(WORK REQUIRED)
Please keep the images out and set down the data exactly as given.

(PROVIDED DATA)
============================================================
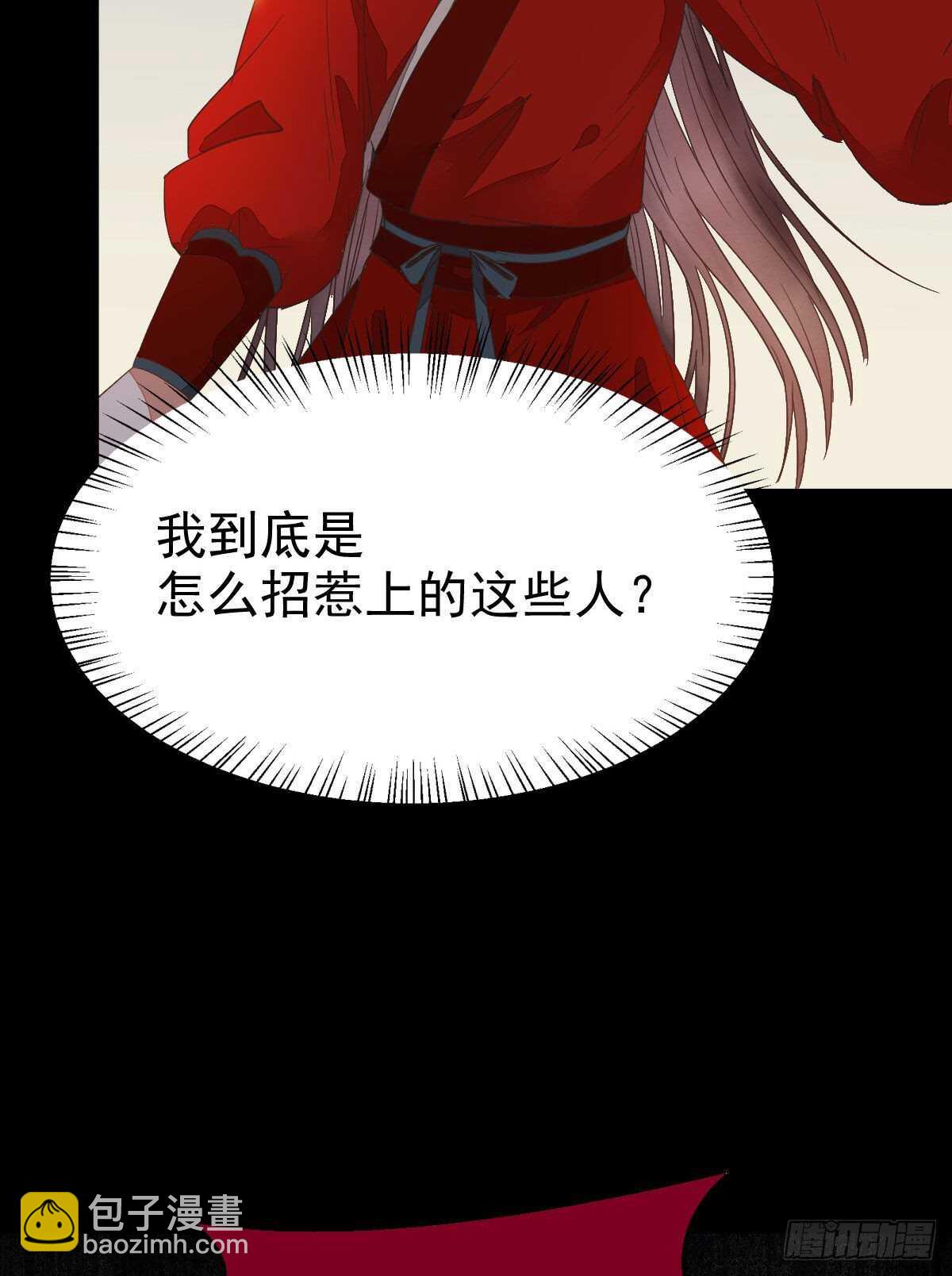 鬼醫鳳九 - 快走！別回頭！(2/2) - 3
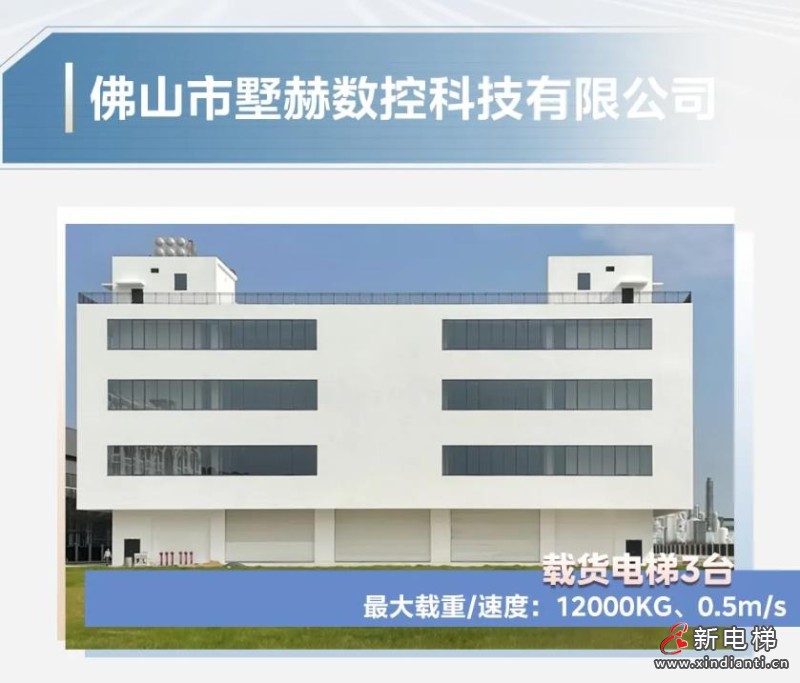 360截圖20240802125719842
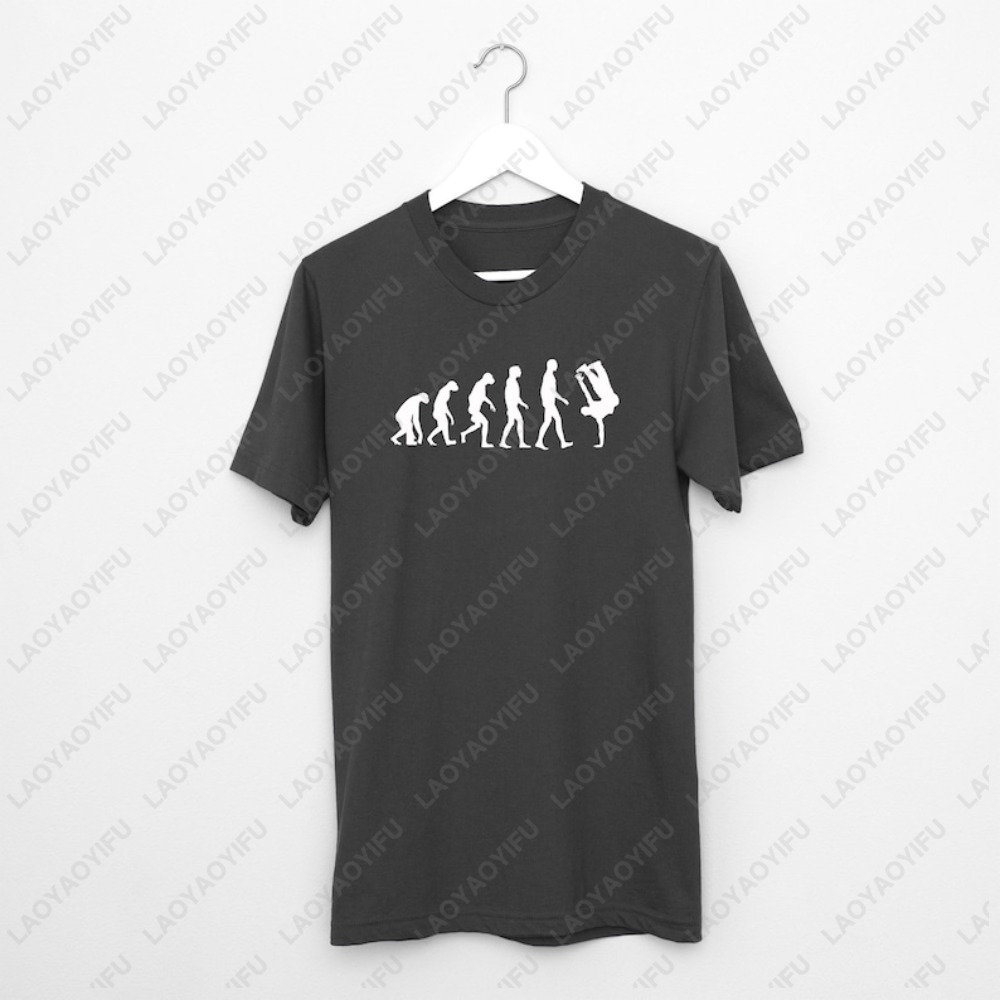 Breakdance Breakdancing Evolut - Men'S Fashion Evolution recensione e prezzo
============================================================
(SOLUTION FOR THIS EXERCISE)
 鬼醫鳳九 - 快走！別回頭！(2/2) - 3
 360截圖20240802125719842
 Breakdance Breakdancing Evolut - Men'S Fashion Evolution recensione e prezzo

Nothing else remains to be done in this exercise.